We were proud to see State Representative Rita Mayfield of Waukegan’s leadership as she voted “Yay” on the Future Energy Jobs Bill and was a Co-Sponsor of our original clean energy legislation introduced in 2015. The bill opens the door for more clean energy development across Illinois and expands energy efficiency. The bill also includes provisions to boost training and opportunity for solar jobs in low-income communities — which could greatly benefit Waukegan and nearby Lake County communities.

This community has rallied around Clean Power Lake County’s ambitious vision for their community’s future. This was absolutely clear a few weeks ago when 220 Lake County residents gathered on a snowy Sunday afternoon to catch a sneak peek of the episode.

In a true sign of how far this campaign has come, we saw Republican Lake County Board President Aaron Lawlor stand in front of the community and say: “Burning coal on Waukegan’s lakefront doesn’t fit with Lake County’s sustainability future and impedes our ability to seize the economic potential of our lakefront. Our county can, should and will be a leader in tackling climate change, and I’m proud that Clean Power Lake County has helped win concrete clean energy policies to bring new jobs and technology to our county.”

When it comes to community organizing, there’s nothing more powerful than great storytelling.

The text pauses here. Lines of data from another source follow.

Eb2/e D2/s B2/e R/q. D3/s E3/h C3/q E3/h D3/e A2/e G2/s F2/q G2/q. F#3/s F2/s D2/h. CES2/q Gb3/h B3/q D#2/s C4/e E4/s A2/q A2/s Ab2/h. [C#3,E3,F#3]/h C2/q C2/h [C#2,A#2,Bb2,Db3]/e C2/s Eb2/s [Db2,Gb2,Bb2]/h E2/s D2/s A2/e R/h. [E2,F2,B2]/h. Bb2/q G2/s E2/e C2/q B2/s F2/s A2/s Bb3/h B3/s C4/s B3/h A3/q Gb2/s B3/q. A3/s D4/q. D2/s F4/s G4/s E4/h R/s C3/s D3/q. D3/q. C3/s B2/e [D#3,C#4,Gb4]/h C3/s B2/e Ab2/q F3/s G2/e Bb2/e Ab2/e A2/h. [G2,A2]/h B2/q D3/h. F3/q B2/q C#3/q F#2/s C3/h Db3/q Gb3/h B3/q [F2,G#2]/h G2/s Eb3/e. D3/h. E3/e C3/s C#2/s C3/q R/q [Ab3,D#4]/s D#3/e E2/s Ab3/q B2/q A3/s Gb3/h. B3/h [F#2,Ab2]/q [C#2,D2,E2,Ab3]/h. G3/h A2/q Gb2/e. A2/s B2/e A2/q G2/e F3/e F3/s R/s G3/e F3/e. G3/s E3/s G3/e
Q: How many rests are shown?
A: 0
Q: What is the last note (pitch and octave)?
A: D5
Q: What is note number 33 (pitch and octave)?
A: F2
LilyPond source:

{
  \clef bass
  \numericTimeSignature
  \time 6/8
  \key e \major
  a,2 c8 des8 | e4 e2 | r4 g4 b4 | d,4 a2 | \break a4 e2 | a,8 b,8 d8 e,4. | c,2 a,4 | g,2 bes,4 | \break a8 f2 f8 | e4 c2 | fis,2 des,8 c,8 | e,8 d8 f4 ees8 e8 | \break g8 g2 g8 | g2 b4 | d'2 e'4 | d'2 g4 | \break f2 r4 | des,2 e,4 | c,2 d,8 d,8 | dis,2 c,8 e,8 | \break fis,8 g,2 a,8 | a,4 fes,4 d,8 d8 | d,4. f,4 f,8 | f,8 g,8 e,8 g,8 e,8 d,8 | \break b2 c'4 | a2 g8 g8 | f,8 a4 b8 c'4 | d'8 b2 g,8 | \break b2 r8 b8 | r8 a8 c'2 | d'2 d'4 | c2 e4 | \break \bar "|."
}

It creates connections and spurs people to take action. I hope that’s what you all experienced last night when you saw Dulce and other members of Clean Power Lake County courageously share their story for the rest of the world.

Right now, we face uncertain times for our environment, our basic civil liberties, and our future.

Fossil fuel giant, NRG Energy continues to burn coal in Waukegan, but newly-passed, visionary clean energy policies are now law because of Clean Power Lake County’s work.

What Years of Living Dangerously captured is that the Clean Power Lake County campaign has worked for a long time to build an inclusive, equitable and sustainable vision for Waukegan. That work is not yet done, and we won’t give up that fight.